After I connected to this unit via WiFi I did a right click on the connect to get the following information
Connection-specific DNS Suffix:
Description: Ralink RT5390R 802.11b/g/n 1×1 Wi-Fi Adapter
Physical Address: 84-4B-F5-09-F3-42
DHCP Enabled: Yes
IPv4 Address: 192.168.10.11
IPv4 Subnet Mask: 255.255.255.0
Lease Obtained: Saturday, October 07, 2017 4:54:01 PM
Lease Expires: Tuesday, October 17, 2017 4:54:01 PM
IPv4 Default Gateway: 192.168.10.1
IPv4 DHCP Server: 192.168.10.1
IPv4 DNS Server: 192.168.10.1
IPv4 WINS Server:
NetBIOS over Tcpip Enabled: Yes
Link-local IPv6 Address: fe80::8837:6cff:612e:8171%12
IPv6 Default Gateway:
IPv6 DNS Server:
Curiousity got the better of me a couple of days later and so I tore down the camera to see how it was put together. Here is what I learned
- The board uses a Hi3518 HD IP Camera SoC PDF DataSheet
- Google: HI3518
- Zmodo – Local Controller – Zmodo have some cool cameras! This project is about reversing protocols / bins of all things zomodo to bypass the cloud.<– Uses the Hi3518
- Tool Chain Download here: Hi3518_SDK_V22.214.171.124.tgz – Xiaomi YI Home Camera 720p – Talk
- Google: Hi3518_SDK_V126.96.36.199.tgz – Local copy: Hi3518_SDK_V188.8.131.52.tgz
This chip runs linux and currently there is much hacking happening. You can see this by using the google search link in the list above. Photos of the boards
It appears China makes some standard designs that then get farmed out to lots of different companies that then write their own firmware to some degree.

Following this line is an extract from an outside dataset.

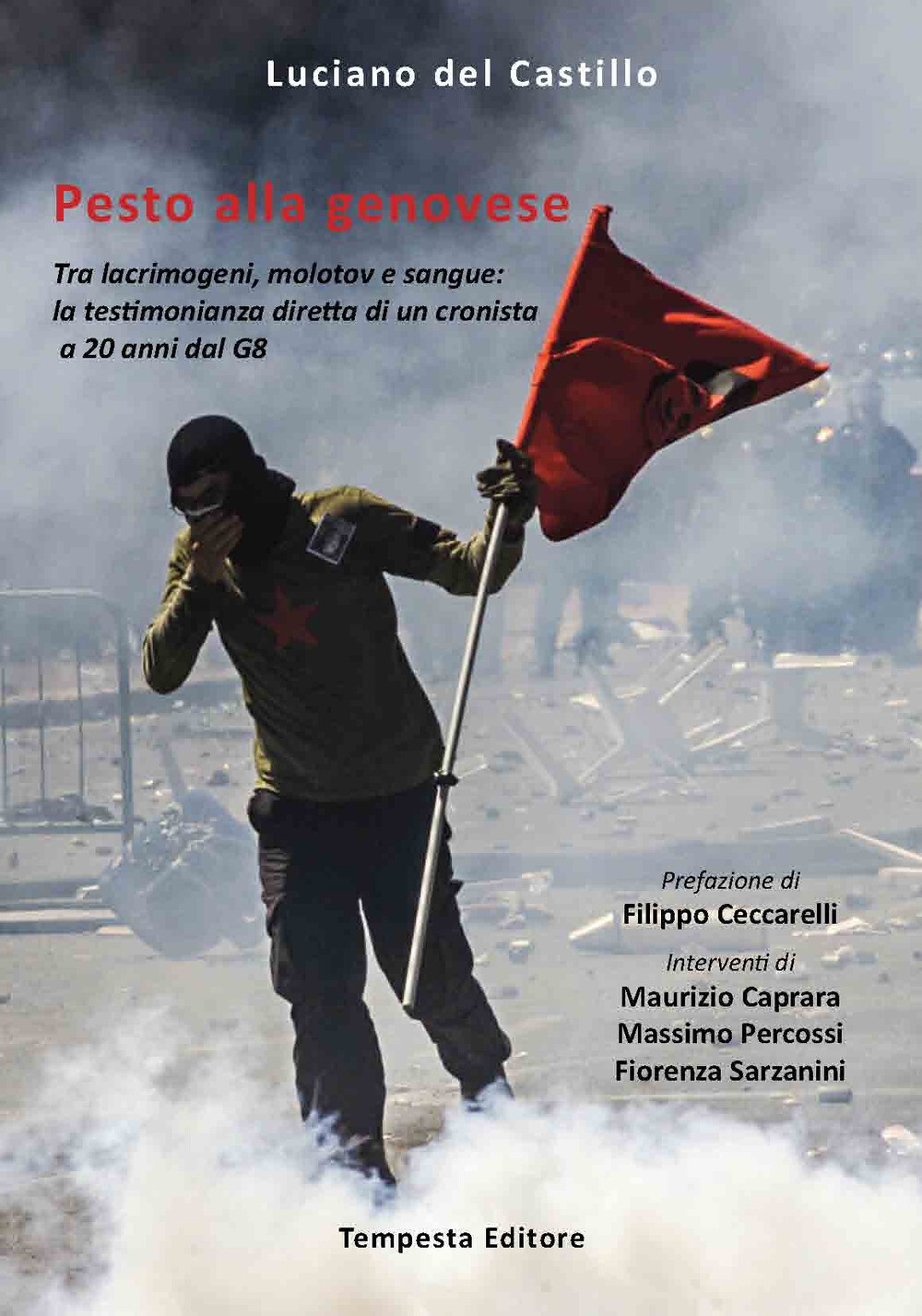 Libri Del Castillo Luciano - Pesto Alla Genovese. Tra Lacrimogeni, Molotov E San
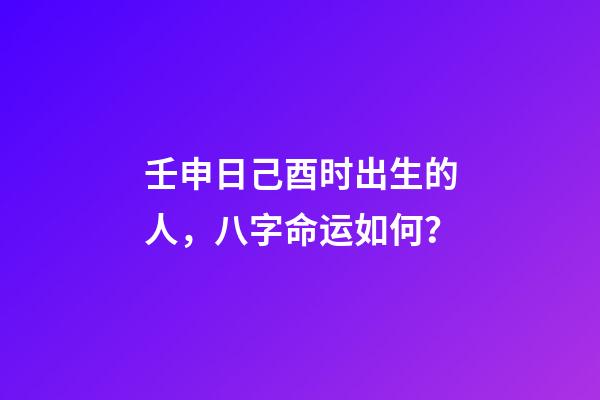 壬申日己酉时出生的人，八字命运如何？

When I googled for information I found this alternate design which is similar but it has what looks to be a PIR motion detection sensor. That would be the small red squiggly line device in the photo below. The designers probably tried to cut cost by using one of the IR LEDs to do the motion detection which is likely not nearly as good as a dedicated device intended for that purpose.